As to their place of doing business, the proof is that on October 18, 1933, they entered into a lease of premises 168-04-20 Jamaica Avenue, Queens, but did not take possession until about November 18, 1933.
They opened a bank account in the Bank of Manhattan Company, and began to issue checks thereon as early as October 23, 1933.
They contracted for merchandise on October 28, 1933, to be delivered as per shipping instructions later to be received, and the first of these instructions seems to have been issued about November 20th.
The alleged bankrupts executed a deed of trust for the benefit of creditors on January 16, 1934, and have testified that since that time they have not conducted business.
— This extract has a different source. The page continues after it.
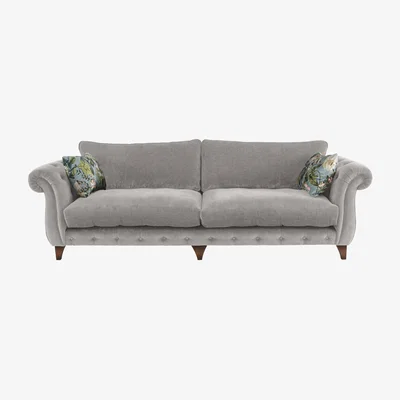 Furniture Village Boutique Palace Fabric Grande Classic Back Sofa - Oasis Silver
The deed of trust is construed, for present purposes, as a general assignment for the benefit of creditors, and therefore as an act of bankruptcy.
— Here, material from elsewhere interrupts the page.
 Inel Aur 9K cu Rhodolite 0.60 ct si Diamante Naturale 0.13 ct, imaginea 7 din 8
Samples of merchandise were delivered by one of the creditors to the alleged bankrupts on November 2, 1933, at the premises which were later opened as the place of business in question, although one of the alleged bankrupts testified that they had no possession of the said store at that time.
The circumstances shown as to the residence of the alleged bankrupts within this district for the greater part of six months preceding the filing of the petition are sufficient to confer jurisdiction upon the Court.
There seems to be no reported case involving facts similar to those under examination, and, while it would be difficult to conclude that the alleged bankrupts maintained the store for the greater part of six months prior to the filing of the petition, at the address in question, the fact is that they were constantly at the premises, supervising alterations and repairs, from the first of November, 1933, and it was therefore their principal place of transacting business until January 16th, following, and therefore the quoted allegation of the petition cannot be deemed to have been established by the evidence.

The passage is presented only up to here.